▸ **Work order**
Every line below must be copied as written, except for pictures.

▸ **Short descriptive text snippets**
┄┄┄┄┄┄┄┄┄┄
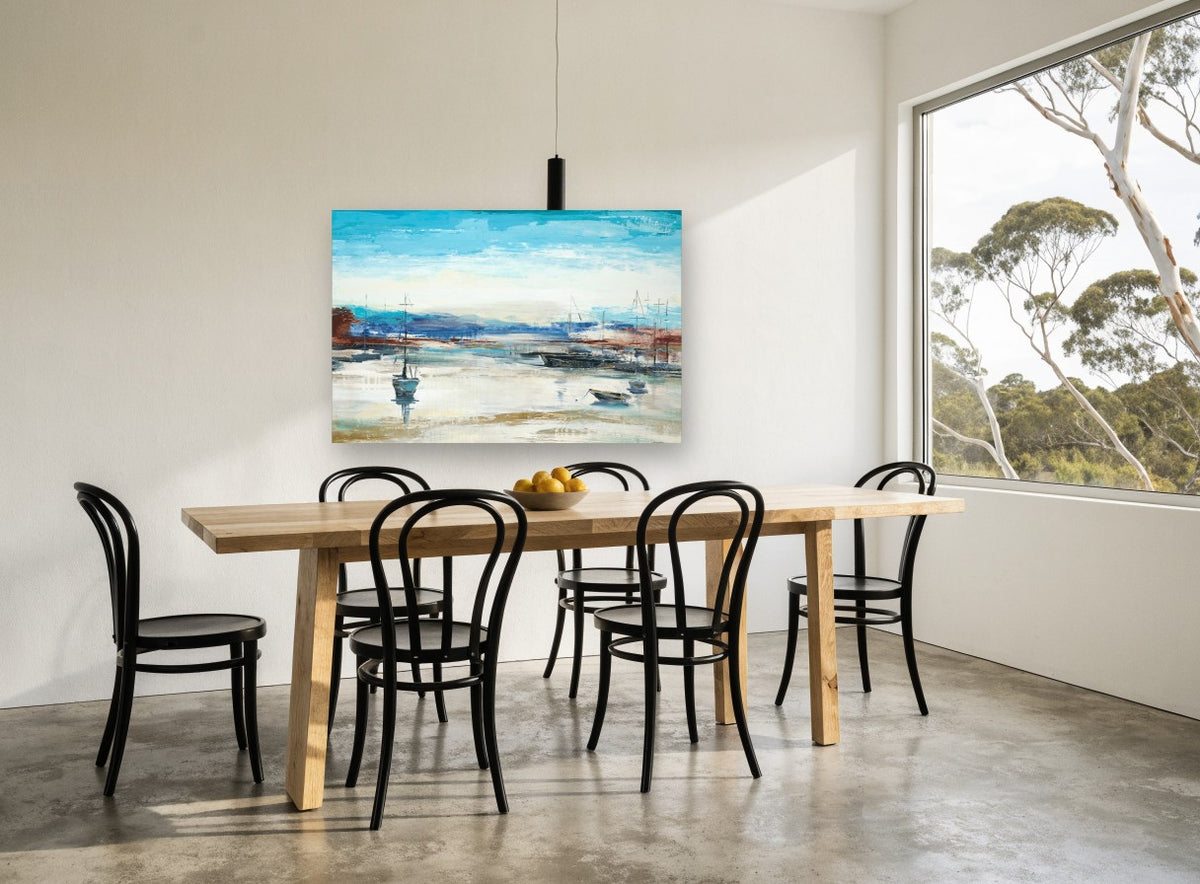 Low Tide Moorings coastal canvas print on the wall of a dining room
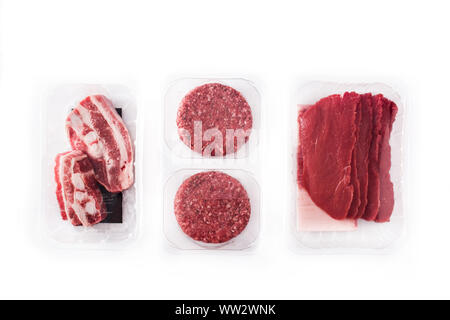 Different types of meat packaged in plastic isolated on white background Stock Photo
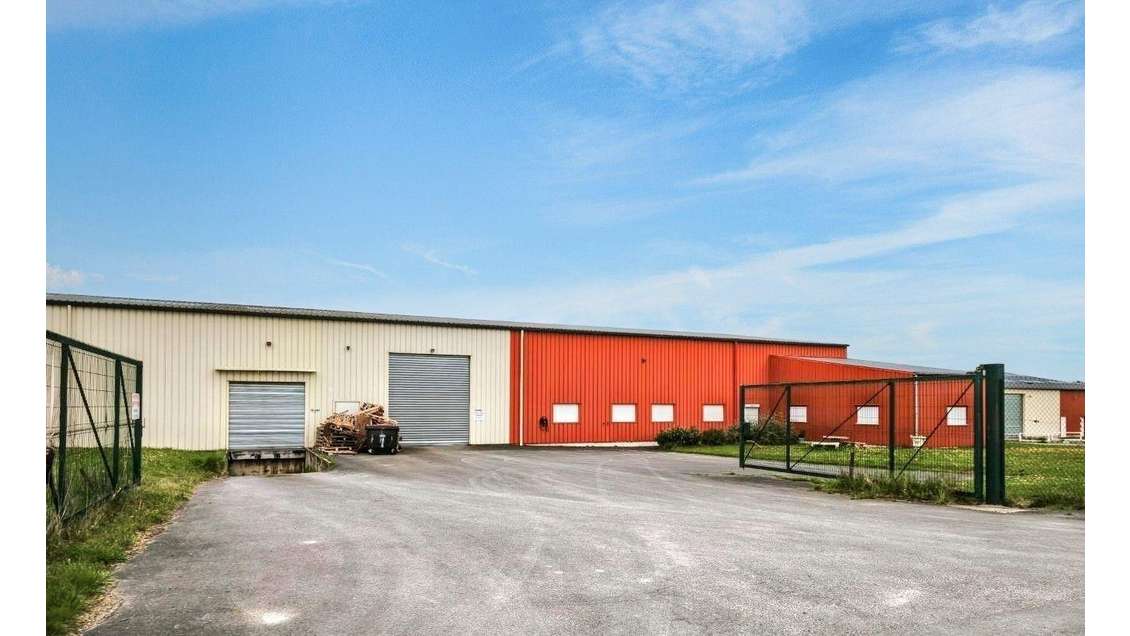 Vente entrepôt loué 6358m² ZA de Juniville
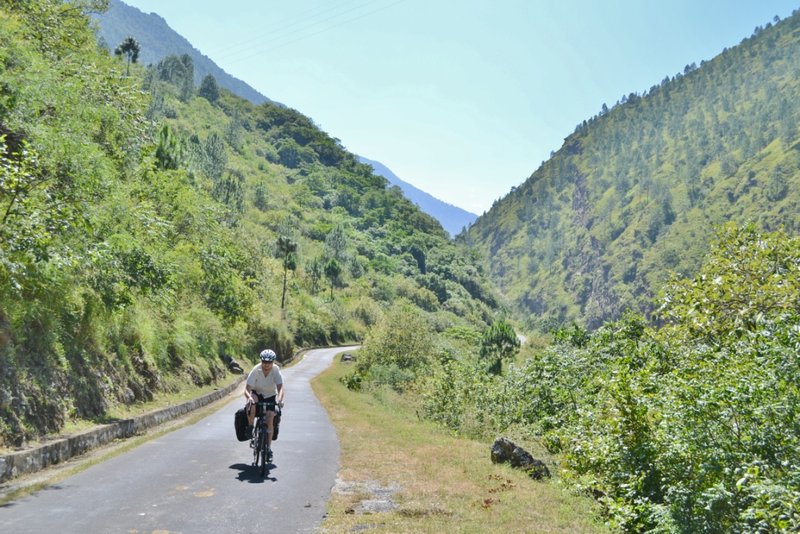 Mel cycling the Lhuntse valley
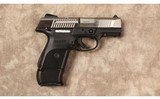 Ruger~SR9C~9 MM - 1 of 2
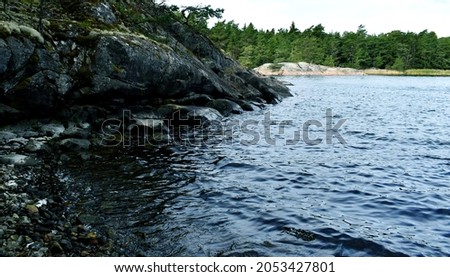 Artistic colorful picture of cliff and stone beach in Finland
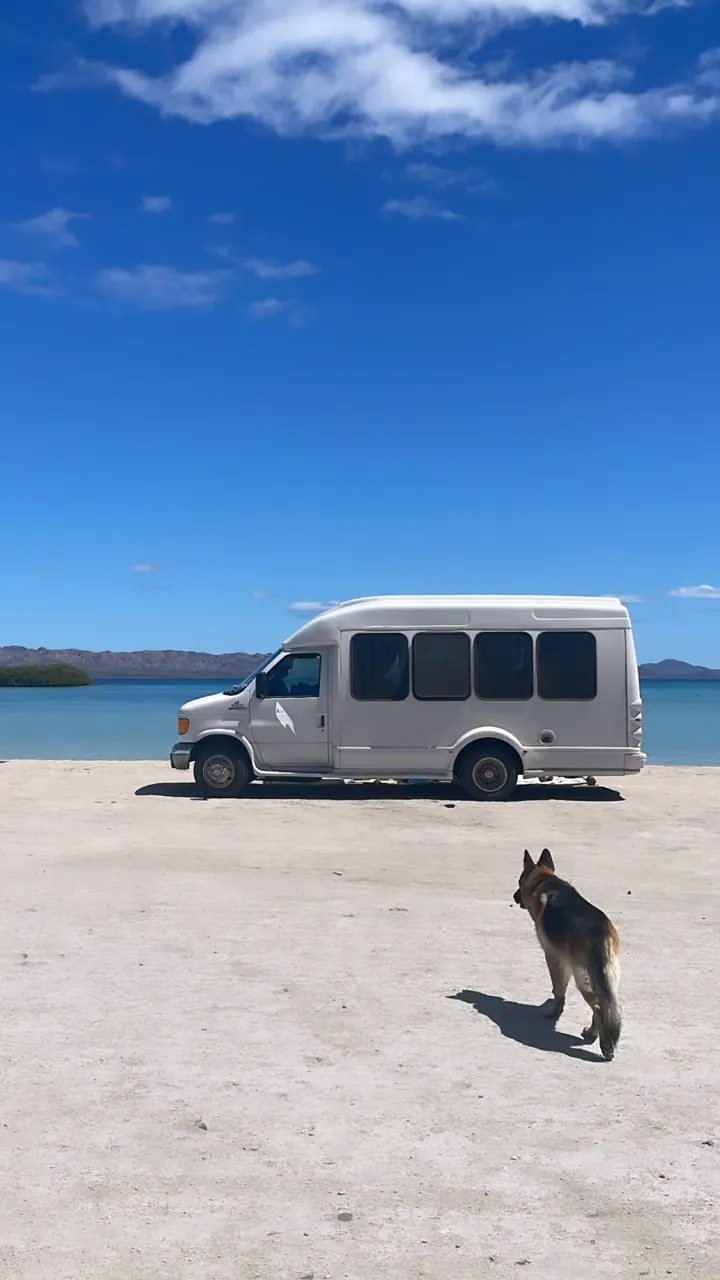 Our van parked on a white-sand beach on Bahía Concepción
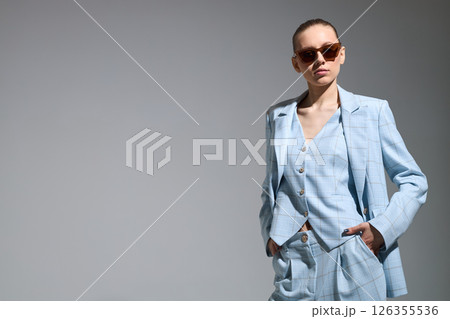 High fashion portrait of young confident female model in blue three-piece suit. Monochrome blue outfit High fashion portrait of young confident female model in blue three-piece suit. Monochrome blue outfit 126355536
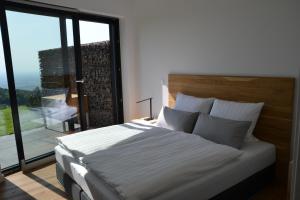 a bedroom with a bed and a large window at Bergweide 36 in Sasbachwalden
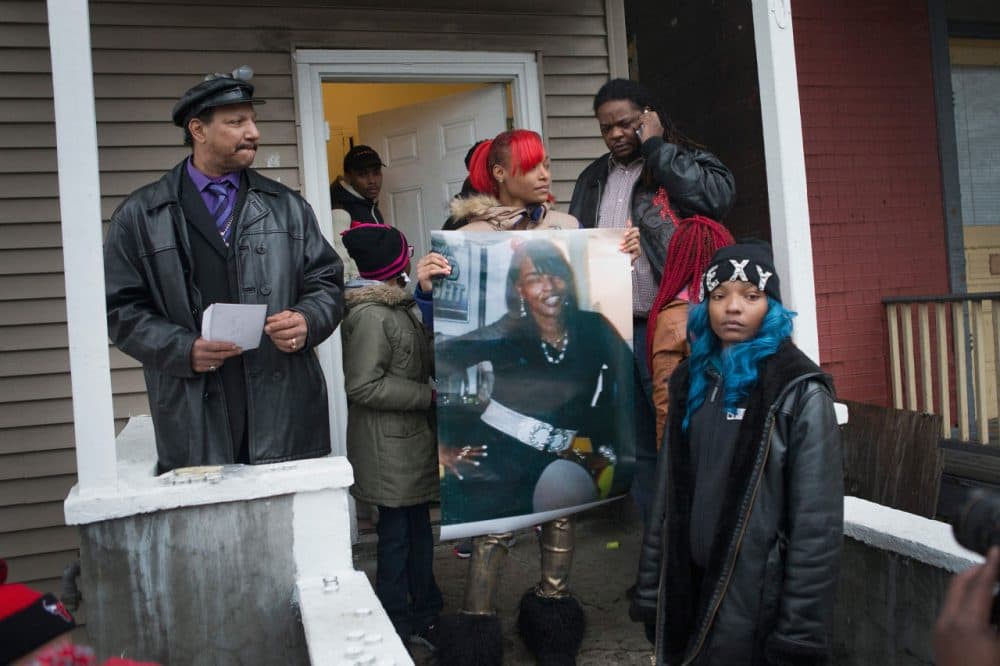 LaTonya Jones, the daughter of Bettie Jones, holds a picture of her mother during a vigil outside her home on December 27 in Chicago, Illinois. Bettie Jones was shot and killed yesterday at the front door of her home by police responding to a domestic dispute call made by her upstairs neighbor. (Scott Olson/Getty Images)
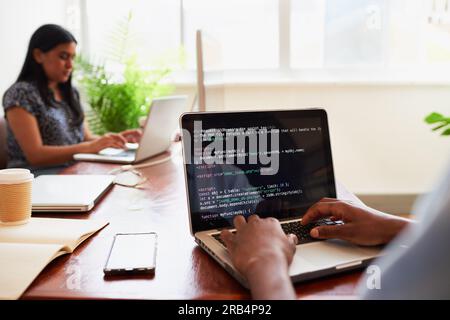 Over the shoulder shot of young male developer typing code on laptop in office Stock Photo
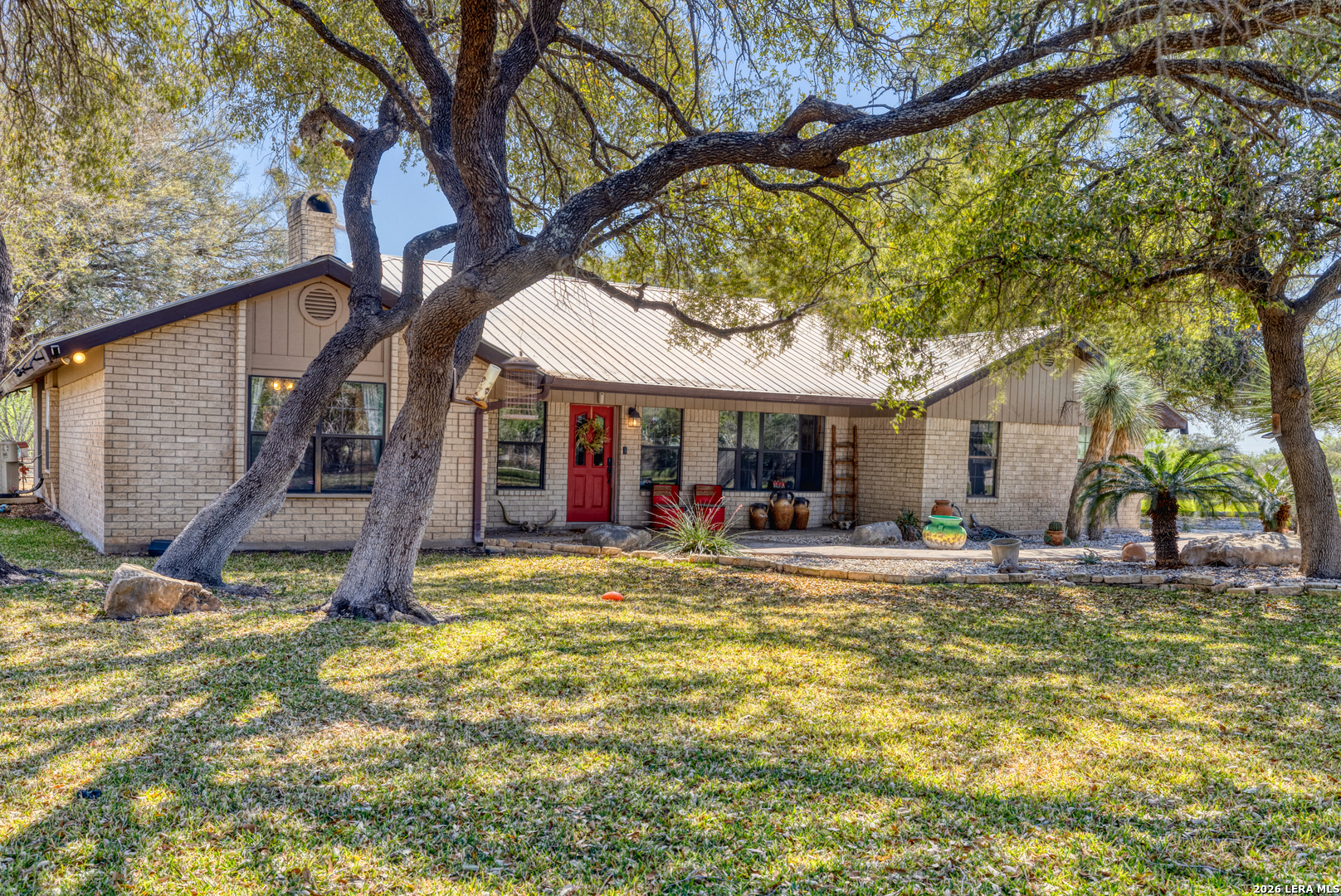 160 Beavers Trail Uvalde, TX 78801 - Photo 2 of 53 a view of a house with a large tree and a big yard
┄┄┄┄┄┄┄┄┄┄
▸ **Your response**
 Low Tide Moorings coastal canvas print on the wall of a dining room
 Different types of meat packaged in plastic isolated on white background Stock Photo
 Vente entrepôt loué 6358m² ZA de Juniville
 Mel cycling the Lhuntse valley
 Ruger~SR9C~9 MM - 1 of 2
 Artistic colorful picture of cliff and stone beach in Finland
 Our van parked on a white-sand beach on Bahía Concepción
 High fashion portrait of young confident female model in blue three-piece suit. Monochrome blue outfit High fashion portrait of young confident female model in blue three-piece suit. Monochrome blue outfit 126355536
 a bedroom with a bed and a large window at Bergweide 36 in Sasbachwalden
 LaTonya Jones, the daughter of Bettie Jones, holds a picture of her mother during a vigil outside her home on December 27 in Chicago, Illinois. Bettie Jones was shot and killed yesterday at the front door of her home by police responding to a domestic dispute call made by her upstairs neighbor. (Scott Olson/Getty Images)
 Over the shoulder shot of young male developer typing code on laptop in office Stock Photo
 160 Beavers Trail Uvalde, TX 78801 - Photo 2 of 53 a view of a house with a large tree and a big yard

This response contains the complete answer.